START DATASET EXTRACT
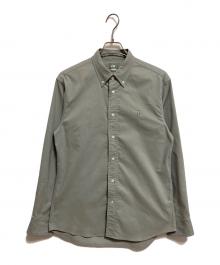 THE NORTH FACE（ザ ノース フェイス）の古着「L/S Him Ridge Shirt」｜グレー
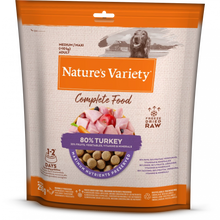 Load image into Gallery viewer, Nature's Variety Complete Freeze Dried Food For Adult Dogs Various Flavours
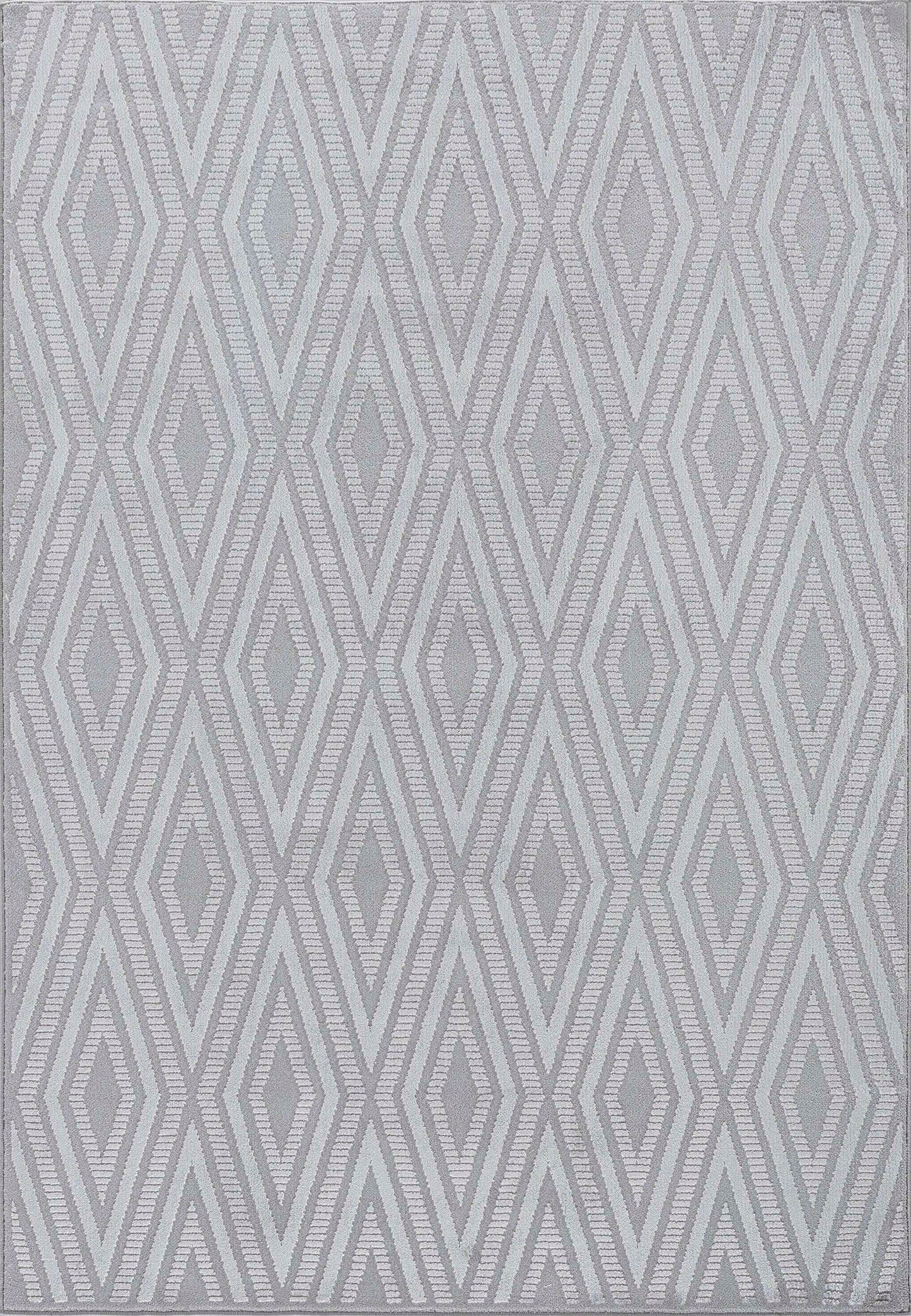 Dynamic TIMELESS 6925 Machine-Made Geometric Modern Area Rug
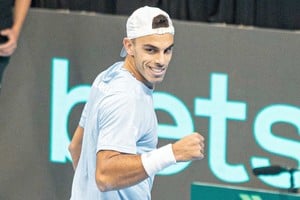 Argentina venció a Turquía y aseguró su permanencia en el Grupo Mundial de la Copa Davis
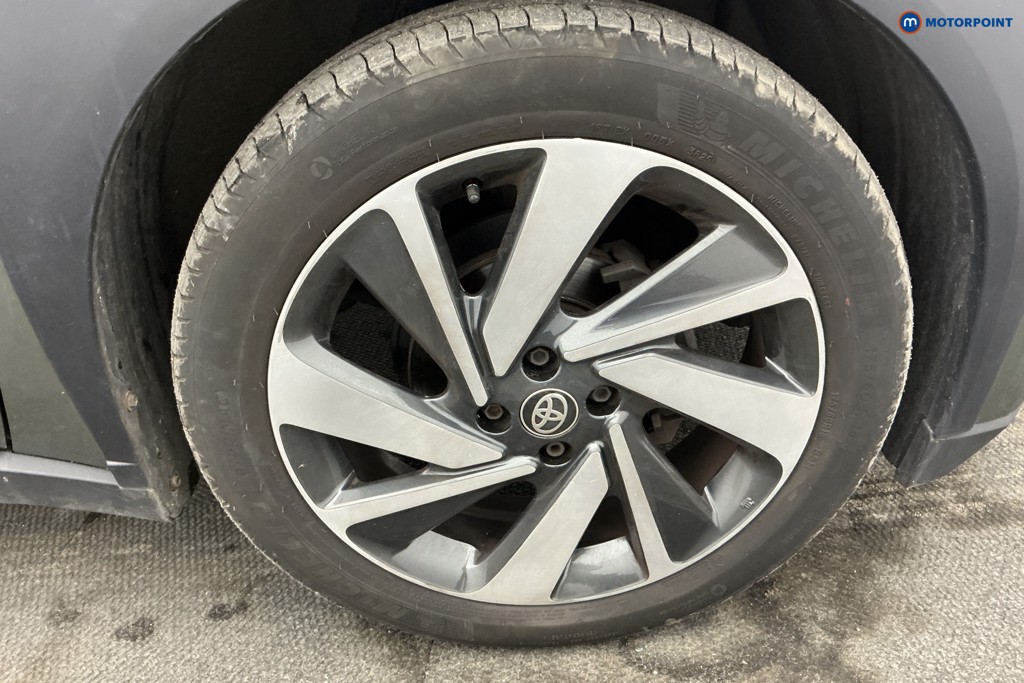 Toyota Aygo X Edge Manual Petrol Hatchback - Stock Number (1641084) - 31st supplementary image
END DATASET EXTRACT
### YOUR GOAL
Where a picture appears, skip it and copy the rest of the data word for word.

### WRITTEN SOLUTION
 THE NORTH FACE（ザ ノース フェイス）の古着「L/S Him Ridge Shirt」｜グレー
 Load image into Gallery viewer, Nature's Variety Complete Freeze Dried Food For Adult Dogs Various Flavours
 Dynamic TIMELESS 6925 Machine-Made Geometric Modern Area Rug
 Argentina venció a Turquía y aseguró su permanencia en el Grupo Mundial de la Copa Davis
 Toyota Aygo X Edge Manual Petrol Hatchback - Stock Number (1641084) - 31st supplementary image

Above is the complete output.